HOLOPIS.COM, JAKARTA – Kepala Basarnas, Marsdya Henri Alfiandi mempertanyakan kewenangan Komisi Pemberantasan Korupsi (KPK) yang menetapkan dirinya dalam dugaan suap proyek di Basarnas.

Dengan posisinya yang saat ini masih menjadi petinggi TNI, KPK seharusnya bisa mengikuti mekanisme yang berlaku di militer.

“Penetapan saya sebagai tersangka semestinya melalui mekanisme hukum yang berlaku karena saya masih militer aktif,” kata Henri dalam keterangannya yang dikutip Holopis.com, Kamis (27/7).

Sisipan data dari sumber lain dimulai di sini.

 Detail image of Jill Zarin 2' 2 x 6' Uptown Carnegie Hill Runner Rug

Oleh karena itu, jenderal bintang tiga di Angkatan Udara itu hanya akan mengikuti proses yang berlaku di militer atau dalam hal ini TNI dalam kasus yang telah menjeratnya sebagai tersangka tersebut.

Mengenai tuduhan yang telah dilontarkan KPK bahwa dirinya telah mengakali sistem lelang elektronik demi mendapatkan fee dalam proyek pengadaan barang di Basarnas, Henri menyatakan ada kebohongan yang sengaja dibangun oleh KPK.

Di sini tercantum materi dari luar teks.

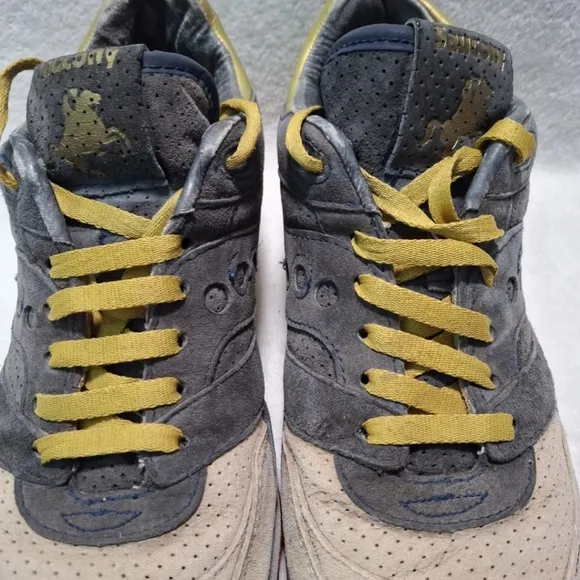 Saucony Courageous x Sneaker Politics &quot;The Jackson&quot; Men’s US Sz 9.5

“Nggak bener ini, sama sekali bukan,” tegasnya.

Bahkan, terkait dengan pesawat yang pesawat yang tertera di laporan LHKPN nya, Henri menyatakan itu sudah ada jauh sebelum dirinya menjabat Kabasarnas.

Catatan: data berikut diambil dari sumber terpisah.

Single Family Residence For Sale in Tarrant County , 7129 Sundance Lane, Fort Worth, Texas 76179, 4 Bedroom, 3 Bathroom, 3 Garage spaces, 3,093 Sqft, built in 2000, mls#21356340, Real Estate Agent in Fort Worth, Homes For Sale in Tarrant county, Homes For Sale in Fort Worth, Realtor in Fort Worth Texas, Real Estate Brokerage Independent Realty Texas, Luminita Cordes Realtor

“Pesawat itu saya rakit sendiri. Saya beli dan merakit sejak tahun 2019, jauh sebelum menjabat Kabasarnas,” kilahnya.

Sebelumnya diberitakan, KPK telah menetapkan Kepala Basarnas, Marsdya TNI Henri Alfiandi sebagai tersangka suap.

Henri diduga telah menerima suap dari pengadaan proyek alat deteksi korban reruntuhan, yang terungkap setelah KPK menggelar operasi tangkap tangan (OTT) pada Selasa (25/7) lalu.